#### [WHAT YOU HAVE TO DO]
Beginning with the line that contains "画像2: シモトクダマキ 鰭なし型 (2)", write out each remaining line of the records below exactly. Do not copy any picture.

#### [DATASET RECORDS]
..........
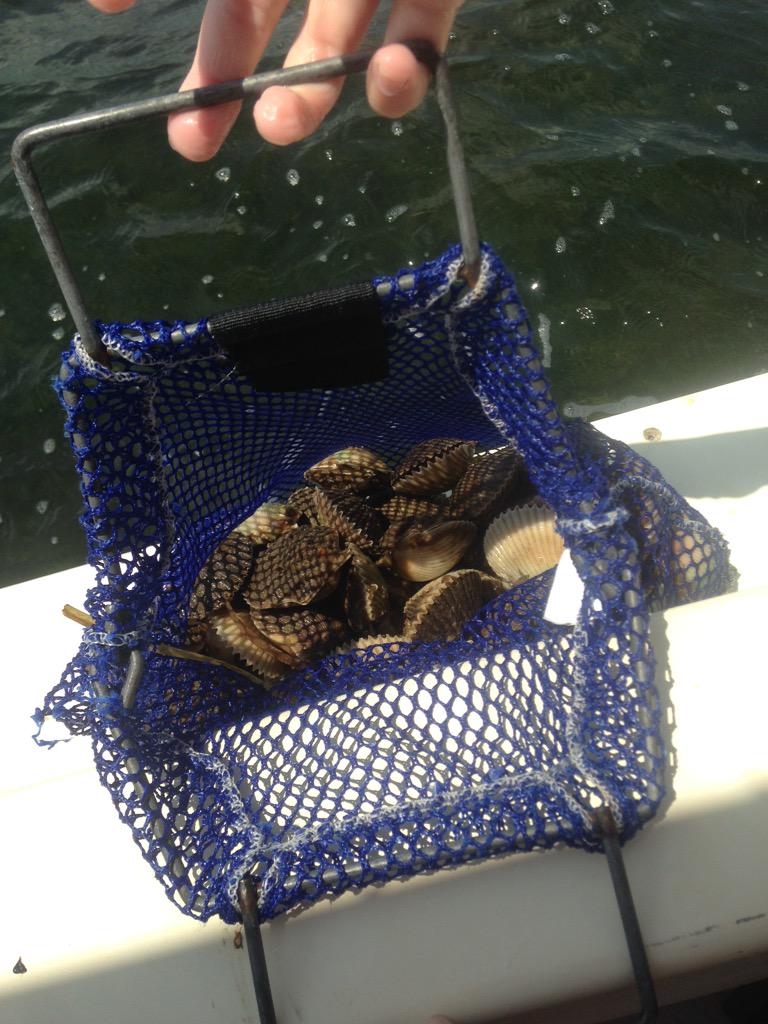 SimpleHunting's tweet image. Had a great day on the water! Fresh bay scallops.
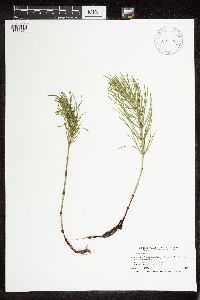 Equisetum arvense image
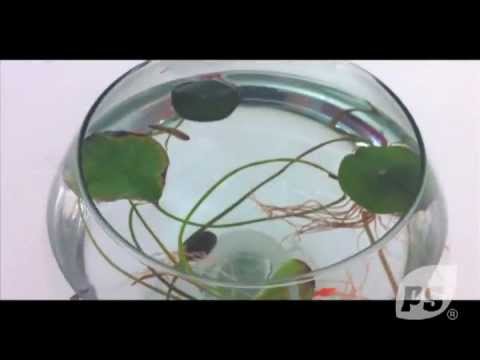 Lotus Et Poisson Lotus And Fish Youtube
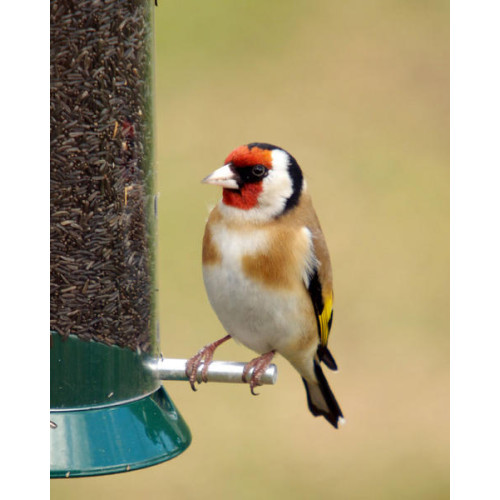 Goldfinch, Niger seed, Finch Food - A Goldfinch enjoying a meal on a Niger seed feeder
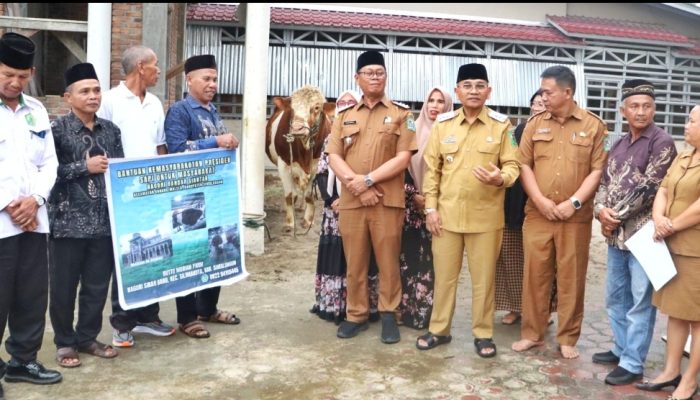 Bupati Simalungun Serahkan Sapi Kurban Bantuan Presiden Prabowo ke Masjid Al-Aksho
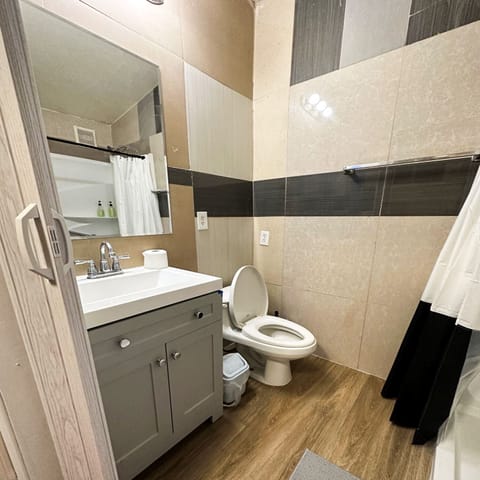 Combined shower/tub, hair dryer, towels, soap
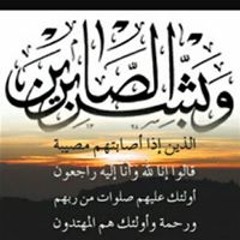 محمد السيد عبدالحميد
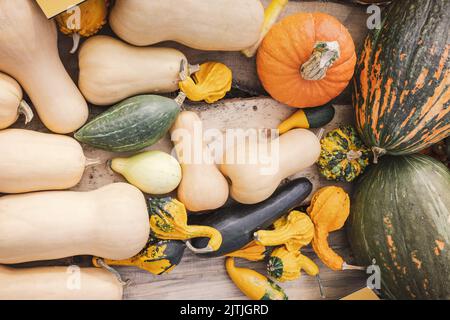 Zucche decorative all'aperto sul terreno. Primo piano, messa a fuoco selettiva. Halloween e decorazione del Ringraziamento per la casa e concetto di festa Foto Stock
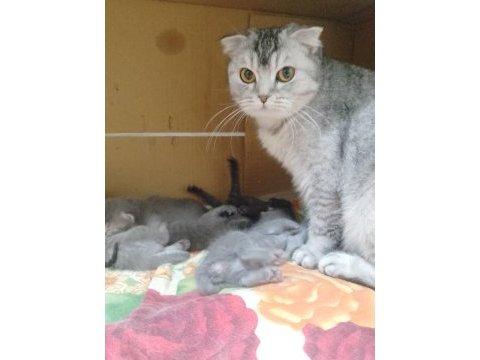 Scottish fold anne ve 6 yavru – toplu (20 günlük)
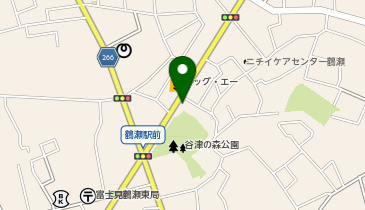 ヤシの木薬局の地図画像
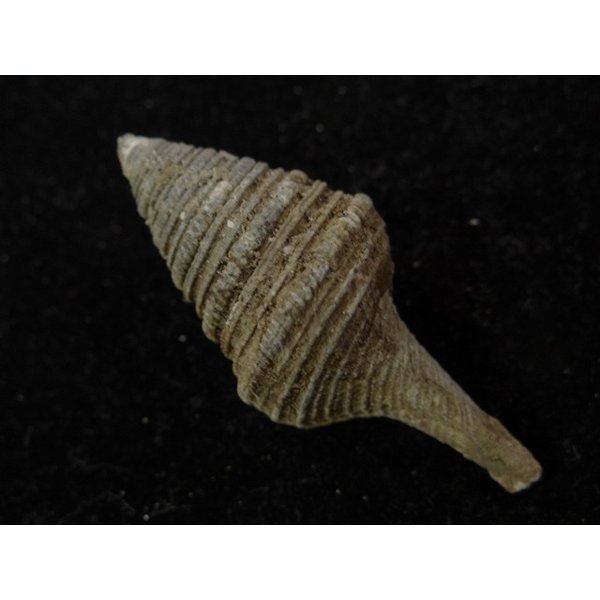 画像2: シモトクダマキ 鰭なし型 (2)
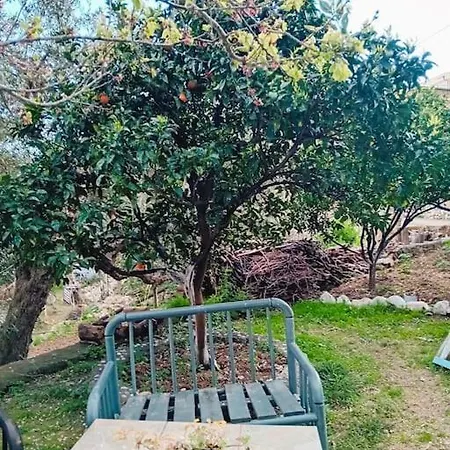 Sea Side Serenity 7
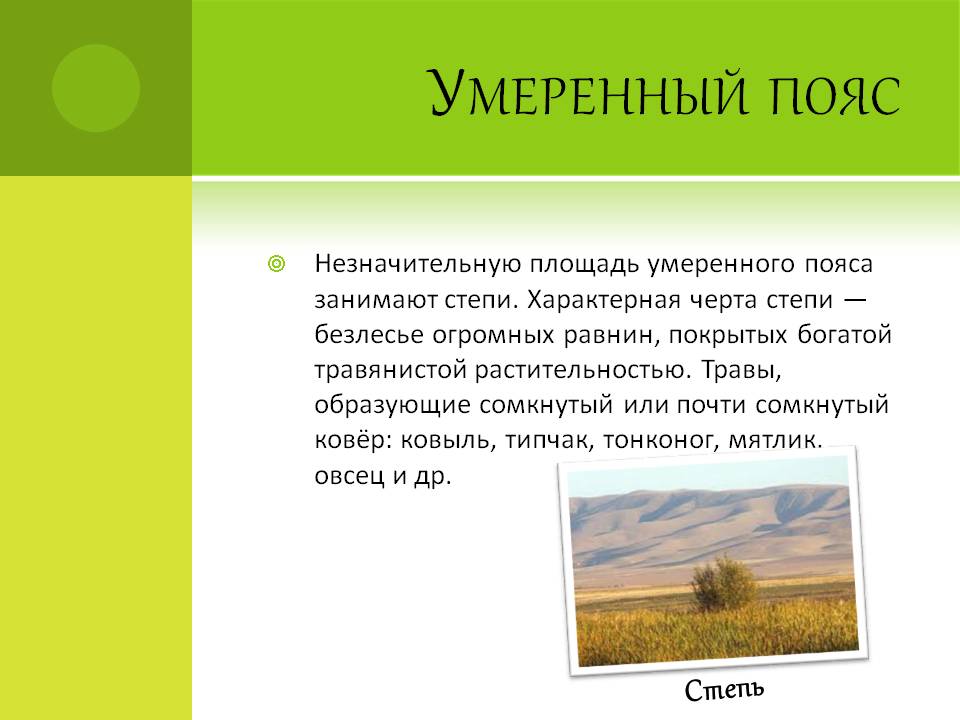 Умеренный пояс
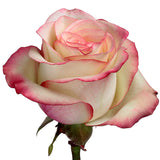 Roses Bicolor Pink Paloma - BloomsyShop.com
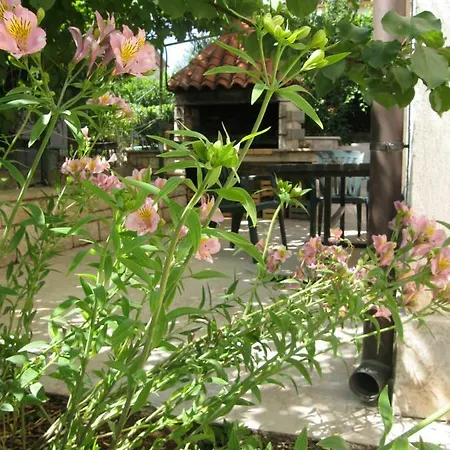 Petrinic V Lägenhet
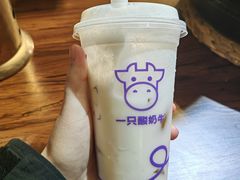 -一只酸奶牛(八一路店)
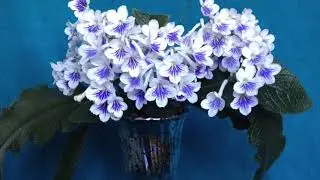 Streptocarpus Gwen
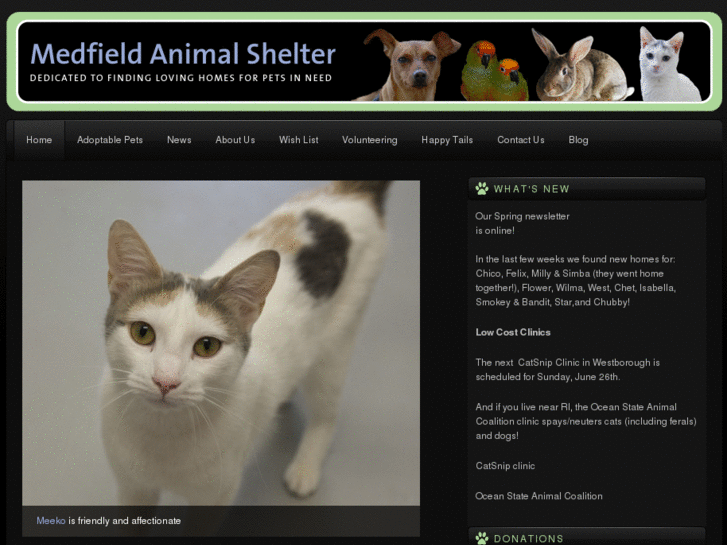 www.medfieldshelter.com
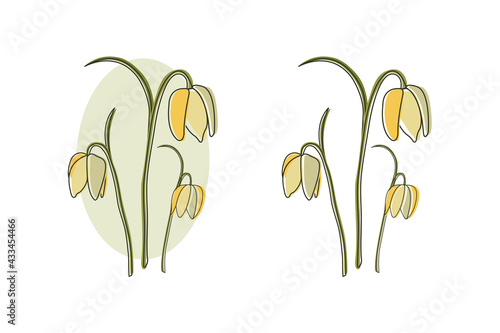 Bell Flowers Line Art Illustration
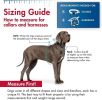 Coastal Pet Walk Right Padded Dog Harness Red - Small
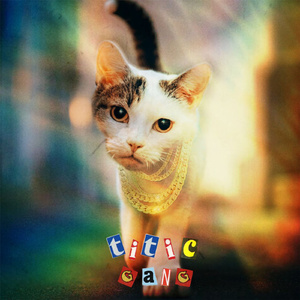 TITIC GANG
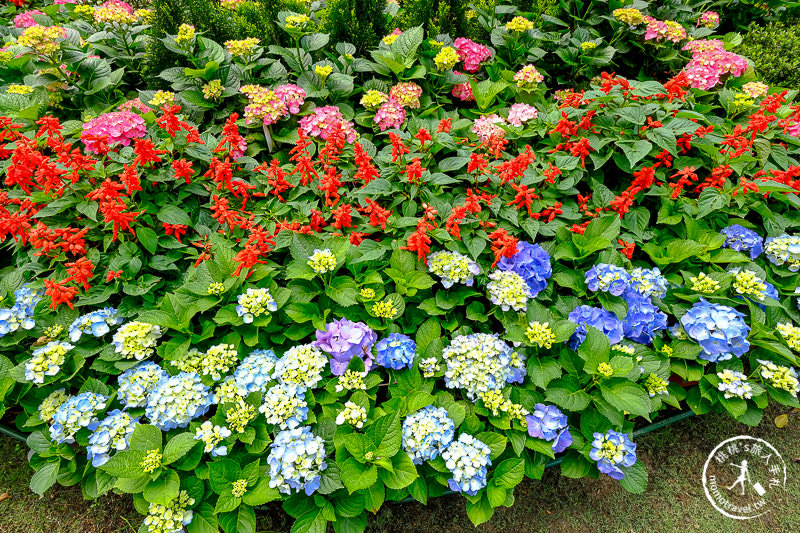 苗栗卓蘭景點》花露休閒農場－波波草花園登場│繡球花.薰衣草.森系景觀餐廳推薦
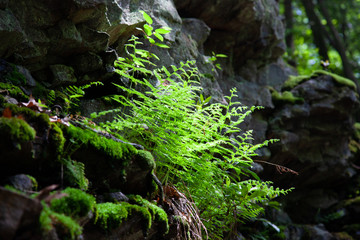 Fototapeta premium Small Ferns Growing Rock Face Early Summer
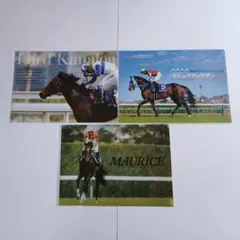 【非売品】JRA 競馬クリアファイルロードカナロア オジュウチョウサン モーリス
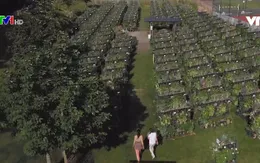 Mô hình trang trại đô thị tại Brussels (Bỉ)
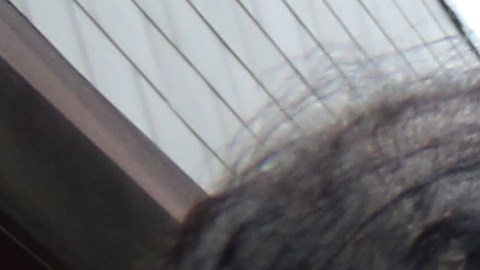 Asambleista Catalina Cruz charla con los inmigrantes James Garcia y Leocadia Flores. Projecto de ley para impulsar el seguro médico para inmigrantes sin papeles.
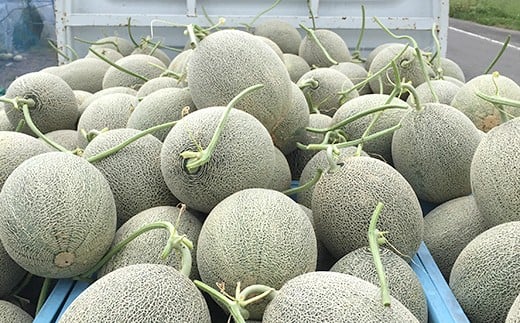 【2024年5月下旬より発送開始】タカミメロン (極)  5kg 程度 (3～5玉)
..........
#### [TASK RESULT]
 画像2: シモトクダマキ 鰭なし型 (2)
 Sea Side Serenity 7
 Умеренный пояс
 Roses Bicolor Pink Paloma - BloomsyShop.com
 Petrinic V Lägenhet
 -一只酸奶牛(八一路店)
 Streptocarpus Gwen
 www.medfieldshelter.com
 Bell Flowers Line Art Illustration
 Coastal Pet Walk Right Padded Dog Harness Red - Small
 TITIC GANG
 苗栗卓蘭景點》花露休閒農場－波波草花園登場│繡球花.薰衣草.森系景觀餐廳推薦
 Fototapeta premium Small Ferns Growing Rock Face Early Summer
 【非売品】JRA 競馬クリアファイルロードカナロア オジュウチョウサン モーリス
 Mô hình trang trại đô thị tại Brussels (Bỉ)
 Asambleista Catalina Cruz charla con los inmigrantes James Garcia y Leocadia Flores. Projecto de ley para impulsar el seguro médico para inmigrantes sin papeles.
 【2024年5月下旬より発送開始】タカミメロン (極)  5kg 程度 (3～5玉)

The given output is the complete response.